☕ JavaStrings

Unicode Handling

Java was designed from the ground up for Unicode. The char type holds a UTF-16 code unit, String stores characters in UTF-16 encoding, and the entire I/O system supports character encoding conversion. However, Unicode's growth beyond the original 65,536-character Basic Multilingual Plane means that char is no longer sufficient to represent every Unicode character — supplementary characters require two chars (a surrogate pair). Understanding this distinction, knowing how to correctly process Unicode text, handling character encodings, and working with Unicode-aware string operations are essential for any application that handles international text. This entry covers the Unicode standard essentials, Java's char vs code point model, encoding handling, normalisation, and correct Unicode-aware string operations.

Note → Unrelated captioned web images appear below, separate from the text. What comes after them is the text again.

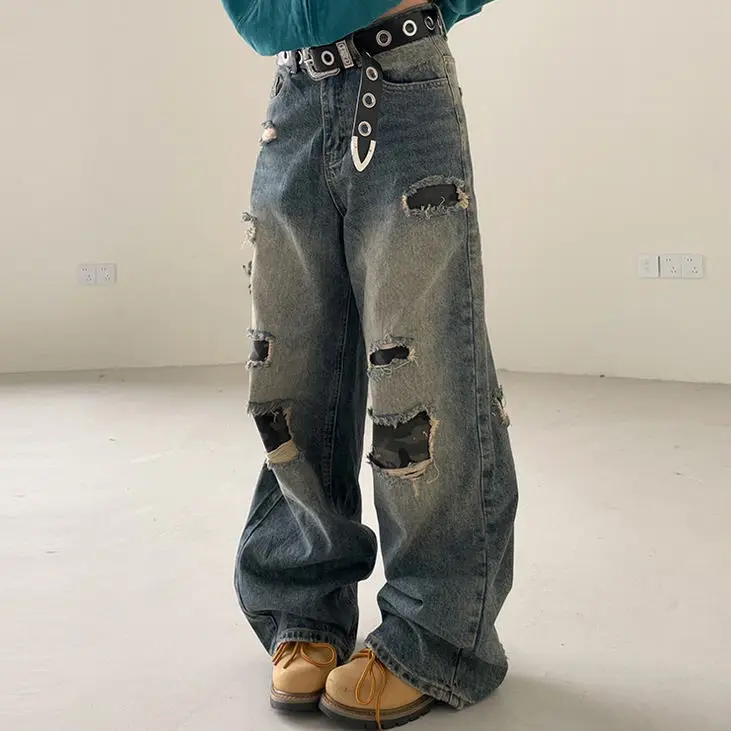 Y2K Camouflage Patchwork Vintage Jeans Women High Waist Straight Denim Pants Ripped American Retro Wide Leg Baggy Trousers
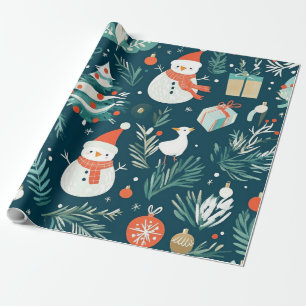 Schattige blauwe sneeuwman winter cadeau cadeaupapier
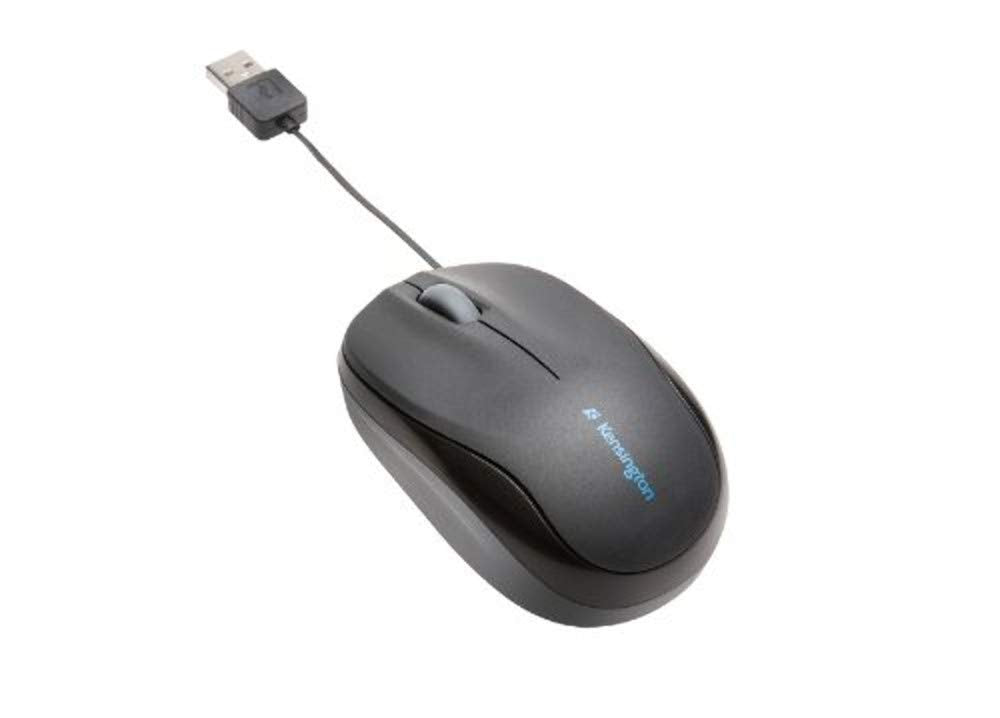 Kensington Retractable Mobile Mouse-Retractable Mobile Mouse, 2-1/2x4 x1-1/2, Black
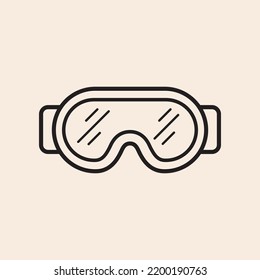 Iconic outline vector snow goggles with reflex lines.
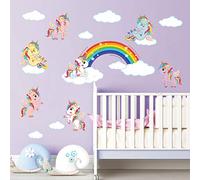 ufengke Pegatinas de Pared Unicornio Arcoiris Vinilos Adhesivos Pared Nube Decorativos para Dormitorio Infantiles Habitación Bebés Niñas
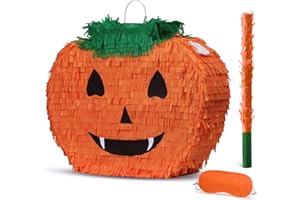 ENRIQ Halloween Pumpkin Pinata for Kids Birthday Party Fiestas Decorations Perfect for Halloween, Photo Prop, October Birthday, Funny and Spooky Games(17"x13"x3.7")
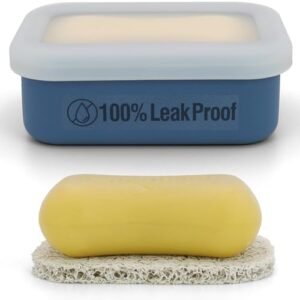 Compact Leakproof Silicone Travel Soap Case, Portable Soap Container with Drainage Layer - 2026 Travel Essentials for Camping, Gym & Shower (Blue)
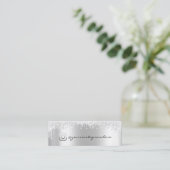 Instagra Social Media-Logo Silver UAWG Gray Tropfe Mini Visitenkarte (Stehend Vorderseite)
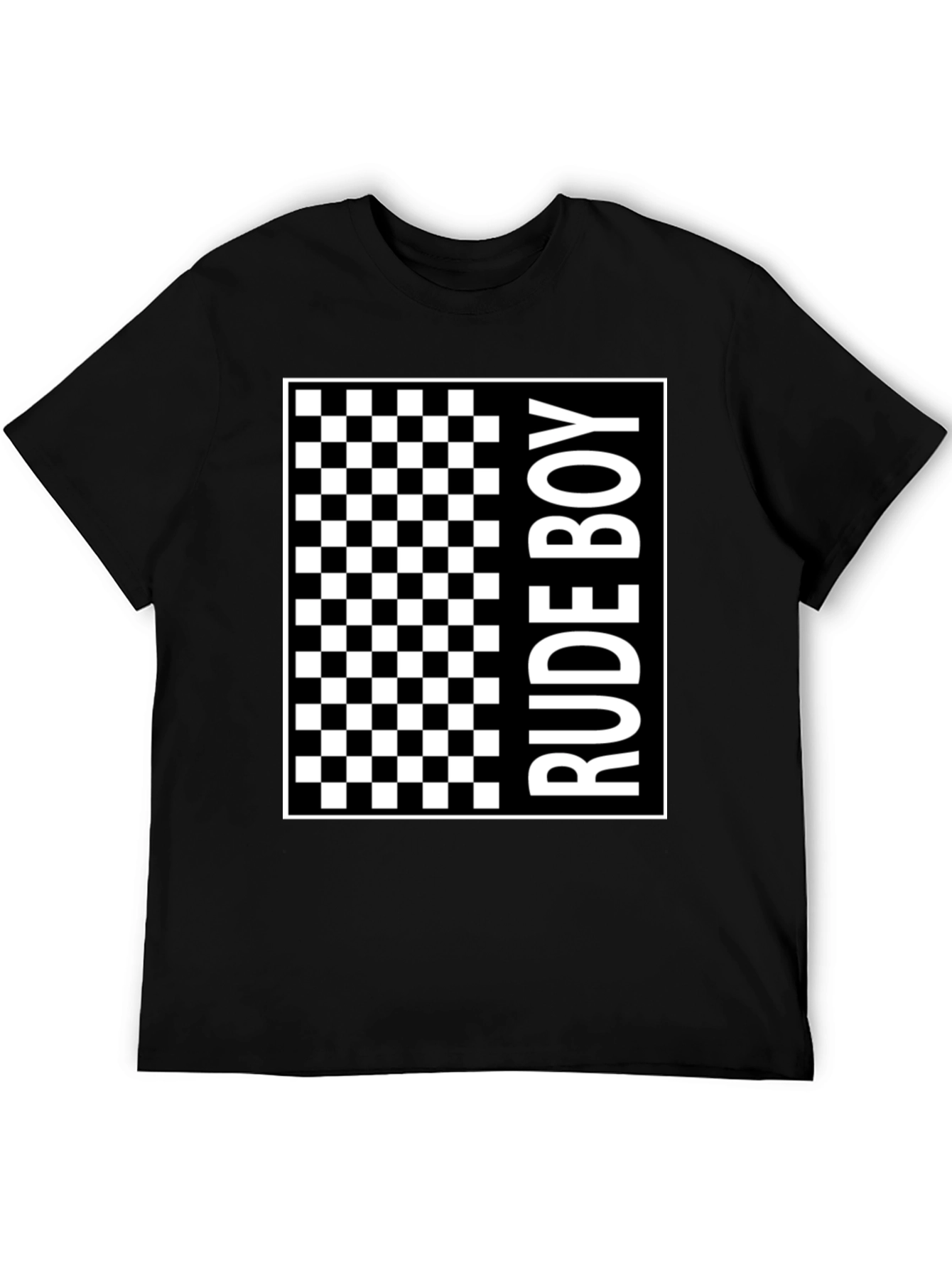 Rude Boy Checkered Graphic Print T-Shirt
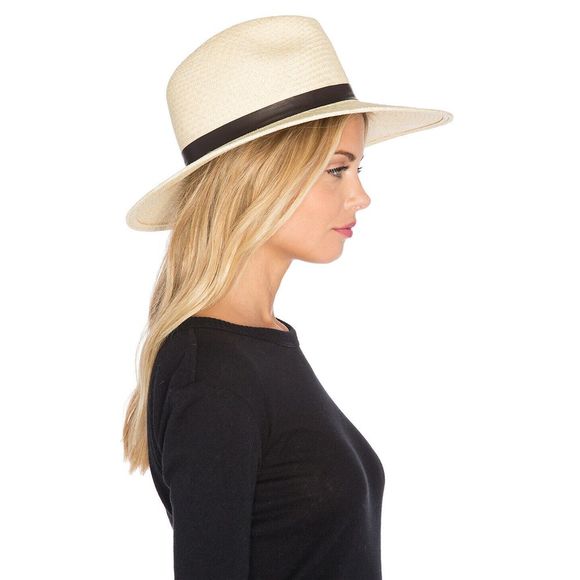 Janessa Leone Gloria Leather Trim Woven Straw Hat - Picture 2 of 7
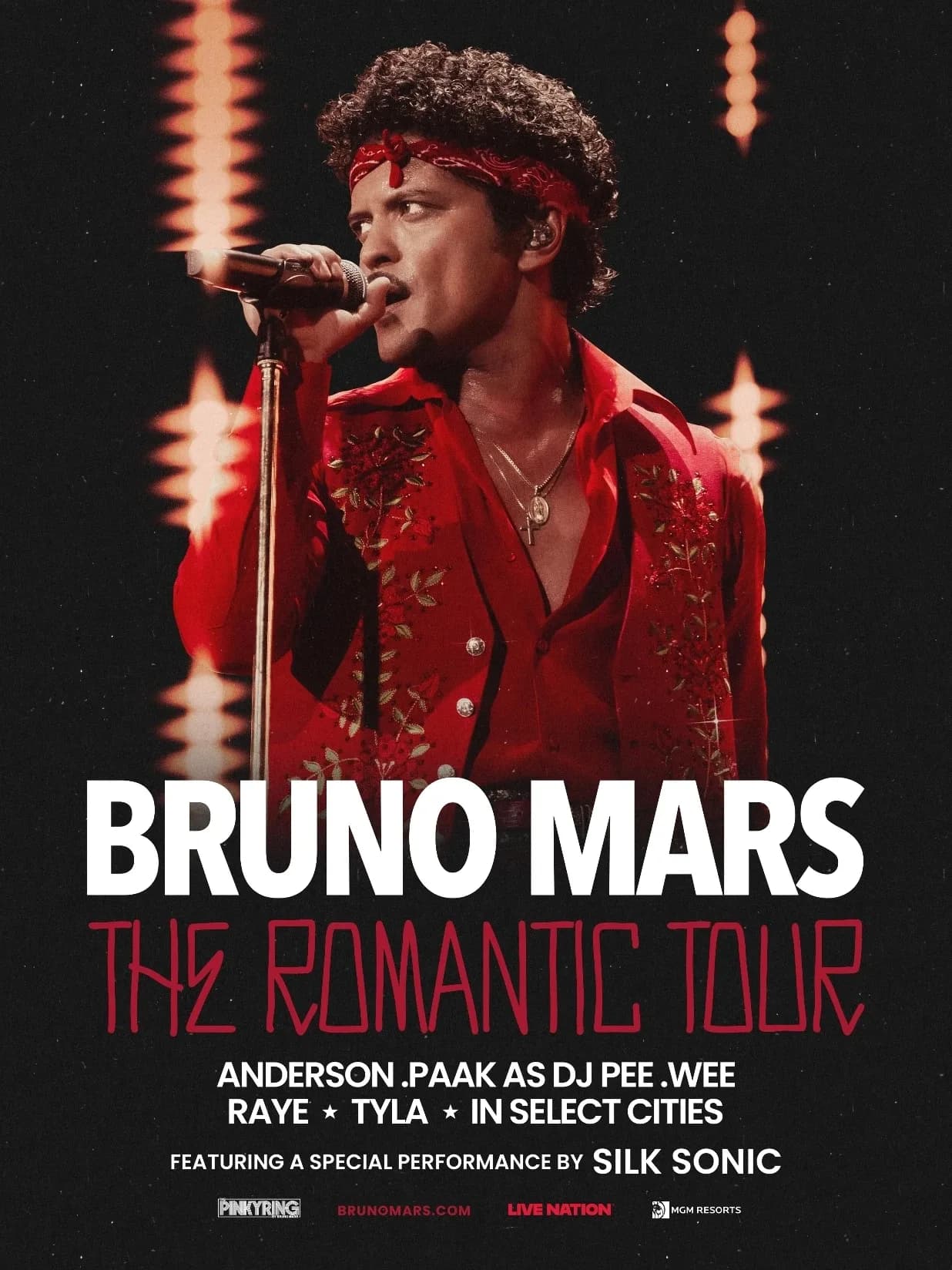 Bruno Mars — The Romantic Tour 2027 international poster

Unicode Fundamentals — Code Points and Planes

Unicode assigns a unique integer — a code point — to every character in every writing system, emoji, symbol, and control code. Code points are written as U+XXXX (four hex digits for the common range) or U+XXXXX to U+10FFFF (five or six digits for the full range). The full Unicode range spans 1,114,112 code points across 17 planes. The Basic Multilingual Plane (BMP) is Plane 0, containing code points U+0000 to U+FFFF. It includes the Latin alphabet, Greek, Cyrillic, Arabic, Hebrew, CJK Unified Ideographs, and thousands more characters used by most of the world's writing systems. Every BMP character fits in a single Java char (16-bit UTF-16 code unit). Planes 1 through 16 are the supplementary planes, containing code points U+10000 to U+10FFFF. They include historic scripts, musical notation, mathematical symbols, emoji, and CJK extension characters. Java represents each supplementary character with two char values called a surrogate pair. The first char is a high surrogate (U+D800 to U+DBFF) and the second is a low surrogate (U+DC00 to U+DFFF). This means a Java String containing one emoji may have length() == 2 even though it visually contains one character. The distinction between char (a UTF-16 code unit) and code point (a Unicode character) is the foundation of correct Unicode processing in Java. Code that works with char is broken for supplementary characters. Code that works with code points is correct for all Unicode characters.

Java

// ── Code point vs char ───────────────────────────────────────────────
// BMP character — one code point, one char
char latinA = 'A';              // U+0041 — fits in char
System.out.println((int) 'A'); // 65 = 0x0041

// Supplementary character — one code point, TWO chars (surrogate pair)
String emoji = "😀";            // U+1F600 GRINNING FACE
System.out.println(emoji.length());               // 2 — two chars!
System.out.println(emoji.codePointCount(0, emoji.length())); // 1 — one character

// ── The surrogate pair that represents U+1F600 ────────────────────────
int codePoint = 0x1F600;                              // 128512 decimal
char high = Character.highSurrogate(codePoint);       // '\uD83D' (0xD83D)
char low  = Character.lowSurrogate(codePoint);         // '\uDE00' (0xDE00)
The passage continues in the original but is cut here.